BEGIN Data records

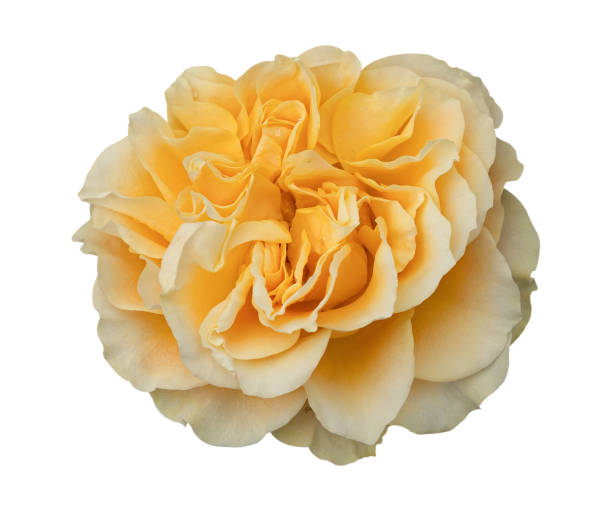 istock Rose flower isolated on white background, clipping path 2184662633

END Data records
BEGIN Data records

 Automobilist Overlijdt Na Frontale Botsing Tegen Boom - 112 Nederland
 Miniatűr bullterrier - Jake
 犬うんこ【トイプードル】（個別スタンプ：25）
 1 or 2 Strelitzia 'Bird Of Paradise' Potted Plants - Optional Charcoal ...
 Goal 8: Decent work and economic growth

END Data records

Task brief: There is a line with "1 or 2 Strelitzia" and a line with "Goal 8: Decent work and economic growth" above. Copy exactly those two lines and all lines between them, with nothing else.

Exercise output:
 1 or 2 Strelitzia 'Bird Of Paradise' Potted Plants - Optional Charcoal ...
 Goal 8: Decent work and economic growth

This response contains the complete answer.